Some of the changes will likely make England a more desirable forum for
international litigants having a choice; other changes should be taken into
account as possible factors arguing against litigation in England. Ultimately,
the CPR will likely favor international plaintiffs with strong cases, enabling
them to obtain judgments more swiftly and efficiently than they were
before. For other potential parties, the new Rules might prove to be more
problematic.
The New CPR
England’s new Civil Procedure Rules 1998 (CPR) -- also known as the
“Woolf Reforms,” after Lord Woolf, the Master of the Rolls, who advanced
proposals for reforms in his 1995 interim “Access to Justice” report and in
his final report in 1996 -- represent England’s response to perceived
shortcomings in civil litigation in the 1990s. With the overriding objective,
as stated in Rule 1.1, of “enabling the court to deal with cases justly,” the
rules pursue this objective by, so far as is practical, “ensuring that the case is
dealt with expeditiously and fairly and allocating to each case an appropriate
share of the court’s resources, taking into account the need to allot
resources to other cases, ensuring that the parties are on an equal footing
saving expense dealing with the case in ways that are proportionate to the
amounts of money involved, the importance of the case, the complexity of
the issues and the financial positions of each party.”
The new CPR also embody an apparent effort to demystify civil
litigation. New words for key terms in litigation, including “Claimant”
instead of “Plaintiff,” “Statements of Case” in place of “Pleadings,” and
“Witness Summons” instead of “Subpoena,” are only one example of the
CPR’s emphasis on making civil litigation more straightforward and
accessible.
Key Changes
Several measures in the CPR emphasize the administration of justice.
Courts, rather than the parties, are now responsible for case management.
It remains to be seen, however, whether English judges will issue and
enforce strict case management directions.
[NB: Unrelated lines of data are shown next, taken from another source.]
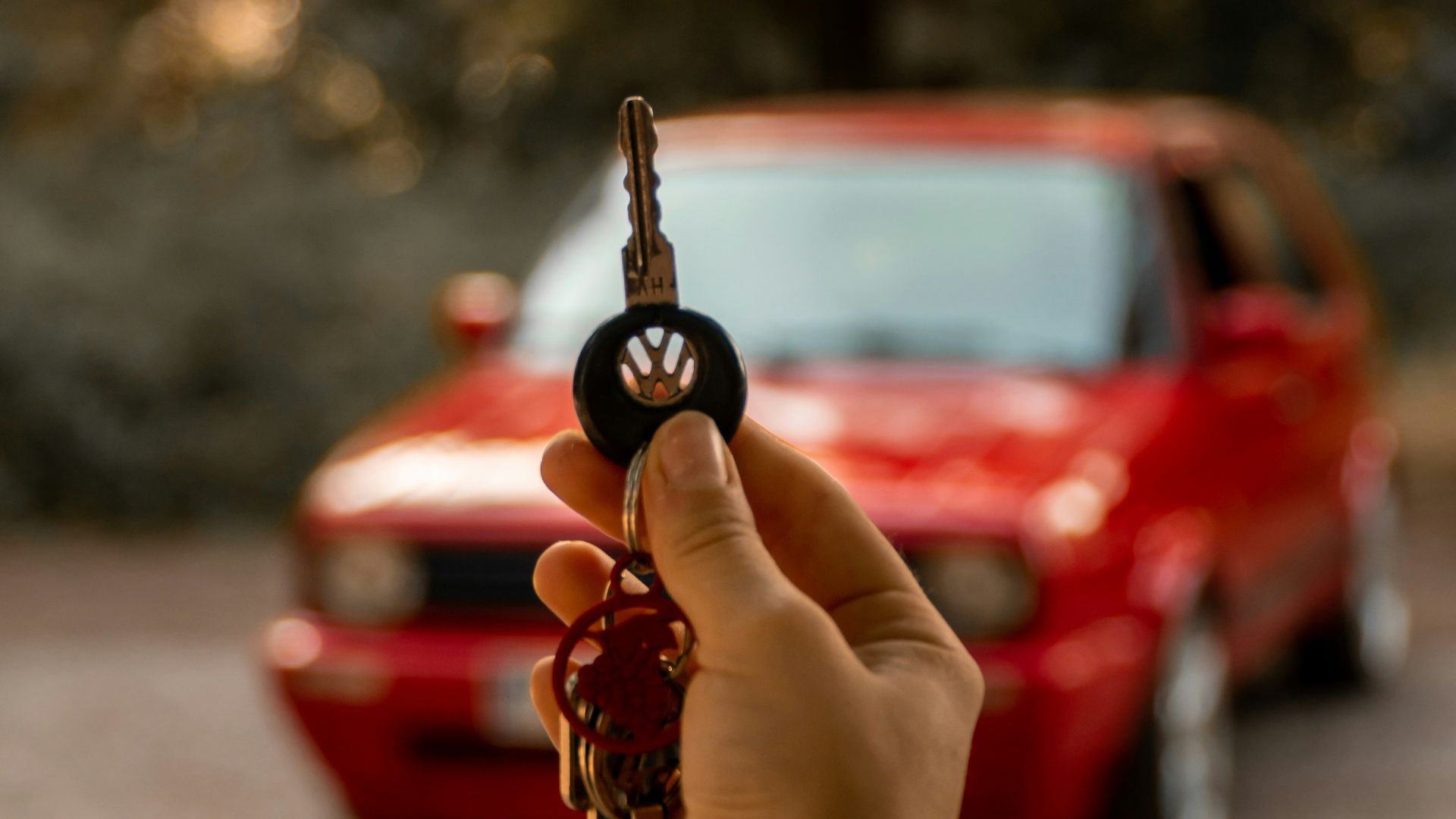 a person holding a car key in front of a red car
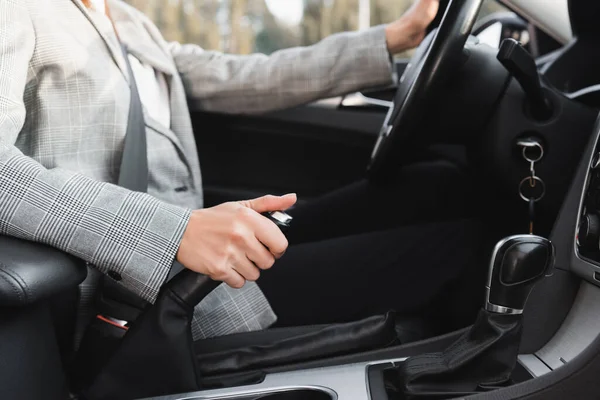 Partial View Businesswoman Shifting Hand Brake Lever While Steering Car — Stock Photo, Image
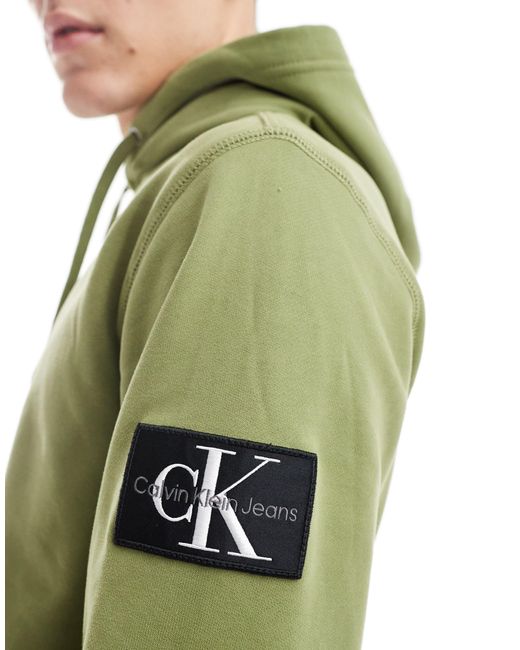 Felpa color ginepro con cappuccio e logo applicato di Calvin Klein in Green da Uomo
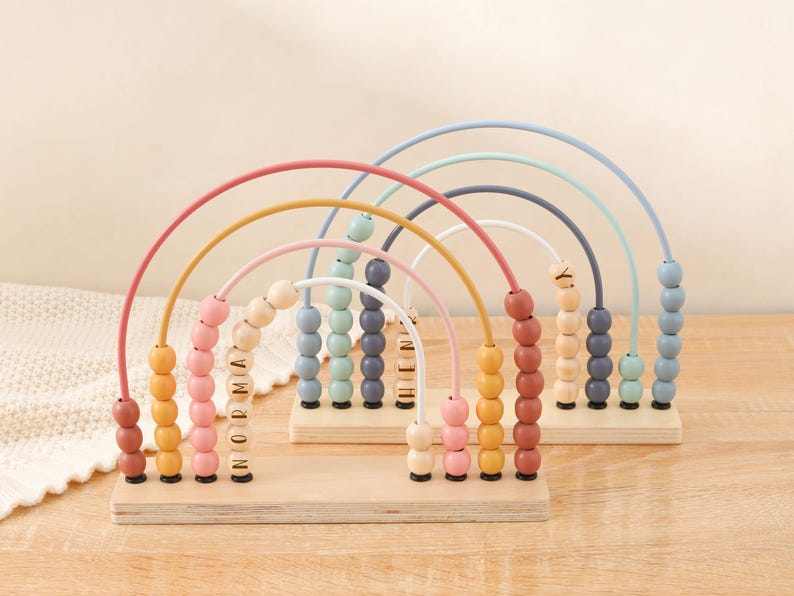 May include: Wooden rainbow abacus toy with colorful beads and arched wires. The abacus has a wooden base and the beads are in shades of pink, yellow, orange, blue, and green. The name "Norma" is spelled out on the beads of one abacus.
Courts heretofore have
themselves been responsible for delays, by, for example, failing to fix court
dates. The new rules empower judges to set a schedule for proceedings to
which the parties must strictly adhere. Cases are assigned to one of three
tracks after the defendant has answered; cases worth between £5,000 and
$15,000 are normally assigned to the fast track, with a fixed 30-week
timetable to trial, and some fixed costs. Courts are also generally able to
assert control over case administration, insisting that things progress swiftly.